Das kann in sonnenarmen Wintern gerade bei den Senioren für etwas Verwirrung sorgen, sodass sie – da es ja draußen schon dunkel ist – auch mal nachmittags um 16 Uhr vehement ihr Abendessen einfordern. Diskutieren Sie nicht mit Ihrem alten Pferd. Glauben Sie mir – es bringt nichts. Wenn der Senior an einem Winternachmittag um 16 Uhr sein Abendessen will, dann geben Sie ihm ein paar Handvoll, das wird ihn beruhigen. Und abends wird er sich noch mal riesig freuen, wenn es seiner Ansicht nach eine Extraportion gibt.

Die Seniorenresidenz

Pferde sind Herdentiere. Die Herde bietet ihnen Sicherheit für Körper und Geist. Wohlgemerkt gilt dies nur für eine natürlich gewachsene Generationenherde, die es fast in keinem Stall mehr gibt.

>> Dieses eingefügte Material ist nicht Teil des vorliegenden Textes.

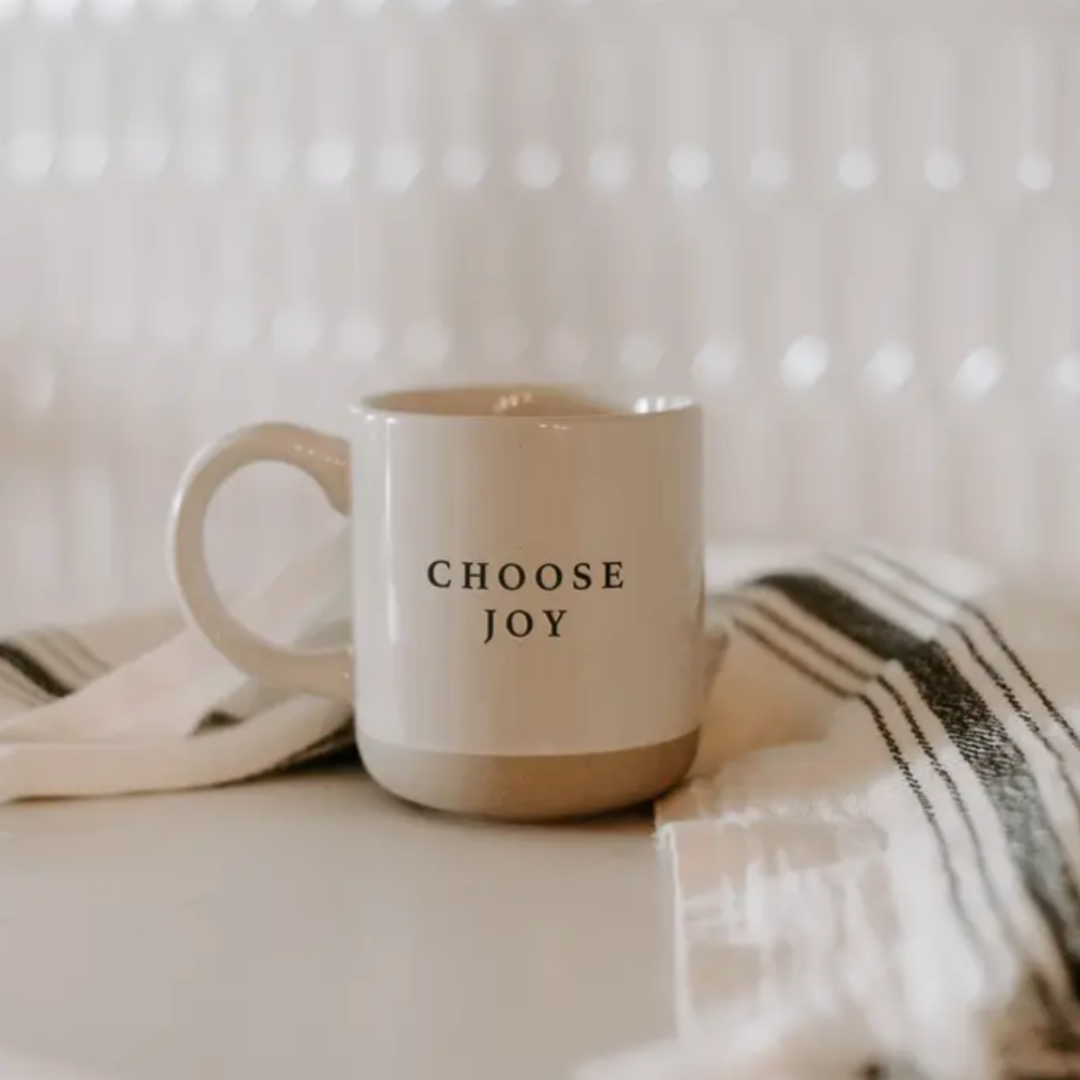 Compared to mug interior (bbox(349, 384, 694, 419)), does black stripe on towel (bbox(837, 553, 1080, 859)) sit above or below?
below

Daher kann das Herdenleben mit all seinen Rangeleien für ein älteres Pferd auch schnell stressig werden. Insbesondere wenn neue, jüngere Pferde in die Herde kommen, die sich ihren Platz erst erarbeiten müssen. Dem Senior werden sie überlegen sein und notfalls ihre Wut, es nicht weiter nach oben geschafft zu haben, am Senior auslassen, der sich jetzt nicht mehr so wehren kann wie noch zu seinen Jugendzeiten.

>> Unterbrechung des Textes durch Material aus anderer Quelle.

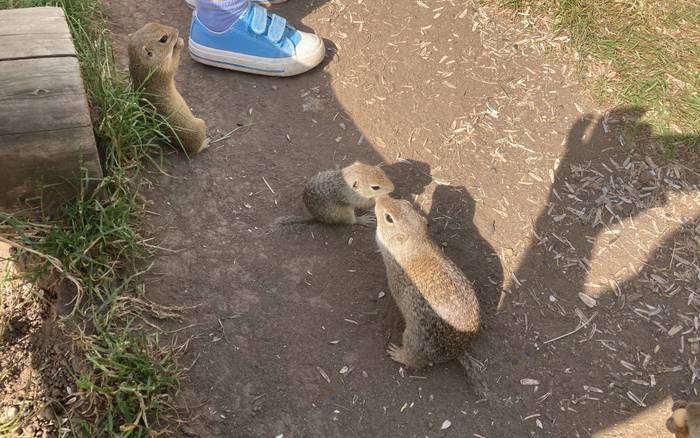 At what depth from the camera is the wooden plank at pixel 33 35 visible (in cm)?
328

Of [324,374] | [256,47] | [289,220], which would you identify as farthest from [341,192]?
[256,47]

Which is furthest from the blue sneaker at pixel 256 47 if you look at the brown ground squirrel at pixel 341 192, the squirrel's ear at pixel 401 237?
the squirrel's ear at pixel 401 237

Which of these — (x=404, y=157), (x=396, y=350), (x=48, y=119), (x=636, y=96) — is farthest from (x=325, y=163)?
(x=636, y=96)

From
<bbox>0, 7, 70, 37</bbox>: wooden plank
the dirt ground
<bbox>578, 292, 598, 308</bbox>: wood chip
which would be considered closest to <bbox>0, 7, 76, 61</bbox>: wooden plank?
<bbox>0, 7, 70, 37</bbox>: wooden plank

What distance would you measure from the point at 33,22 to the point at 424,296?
2.77 metres

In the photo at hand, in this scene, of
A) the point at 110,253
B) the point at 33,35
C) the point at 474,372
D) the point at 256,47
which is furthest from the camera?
the point at 256,47

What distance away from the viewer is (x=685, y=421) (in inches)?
121

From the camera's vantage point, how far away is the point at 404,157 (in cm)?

Daher sollten Seniorenpferde in einer Gruppe leben, die stabil ist und vornehmlich auch aus Seniorenpferden besteht. Ein paar besonders „erziehungsresistente“ Absetzer und Jährlinge können mal dazukommen. In einer intakten Seniorengruppe werden diese aufmüpfigen Junioren schnell lernen, wie der Hase läuft, und werden schnell und fair erzogen. Auch Shadow hatte immer mal wieder ein Ziehkind in seiner Seniorengruppe. Humphrey, zwei Jahre alt, und die frisch abgesetzte Wilde Hilde wichen ihrem „Ziehonkel“ nicht von der Seite.

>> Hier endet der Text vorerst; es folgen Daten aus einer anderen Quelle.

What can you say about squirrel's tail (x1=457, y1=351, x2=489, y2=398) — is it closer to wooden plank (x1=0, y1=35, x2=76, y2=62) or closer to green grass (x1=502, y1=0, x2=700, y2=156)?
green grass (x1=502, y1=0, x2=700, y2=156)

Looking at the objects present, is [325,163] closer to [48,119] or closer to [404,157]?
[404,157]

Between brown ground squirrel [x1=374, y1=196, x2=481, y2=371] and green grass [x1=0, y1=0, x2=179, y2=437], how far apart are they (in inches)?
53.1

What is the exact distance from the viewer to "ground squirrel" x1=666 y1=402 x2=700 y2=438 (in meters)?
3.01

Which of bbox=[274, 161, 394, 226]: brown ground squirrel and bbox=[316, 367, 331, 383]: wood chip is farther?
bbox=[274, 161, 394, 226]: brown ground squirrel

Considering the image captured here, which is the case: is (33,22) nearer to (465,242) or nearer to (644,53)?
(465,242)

Mein Hengst Starlight hatte im Alter von zwei bis drei Jahren die tolle Möglichkeit, mit seinem damals auch schon etwas älteren Onkel „Mocha Dun It“ aufzuwachsen. Beide hatten Paddocks nebeneinander und konnten sogar bis zu Starlights voller Geschlechtsreife zusammen auf die Weide. Mocha brachte Starlight alles bei, was ein „richtiger Hengst“ seiner Ansicht nach können musste, spielte mit ihm, kratzte ihm den Rücken und passte wie ein richtig guter Onkel auf ihn auf. Erst als Starlight die Geschlechtsreife erreichte und eines Tages auf Mochas Haufen auf der Weide äppelte, war der „Welpenschutz“ sozusagen vorbei. Die beiden standen jahrelang nebeneinander im Stall, nur durch einen dünnen E-Zaun getrennt, und krabbelten sich weiterhin die Mähne. Sich eine Weide zu teilen, ging bei zwei Hengsten im Deckeinsatz nicht mehr, was ein natürlicher Prozess war. Dieses „Abnabeln“ jedoch war ein wichtiger Schritt für Starlight auf dem Weg zum Erwachsenwerden und wäre ihm als Pferd in freier Wildbahn ebenso passiert.


Alt und Jung gemischt ist die natürlichste Form der Herdenhaltung, muss aber gut überlegt sein. (Foto: Christiane Slawik)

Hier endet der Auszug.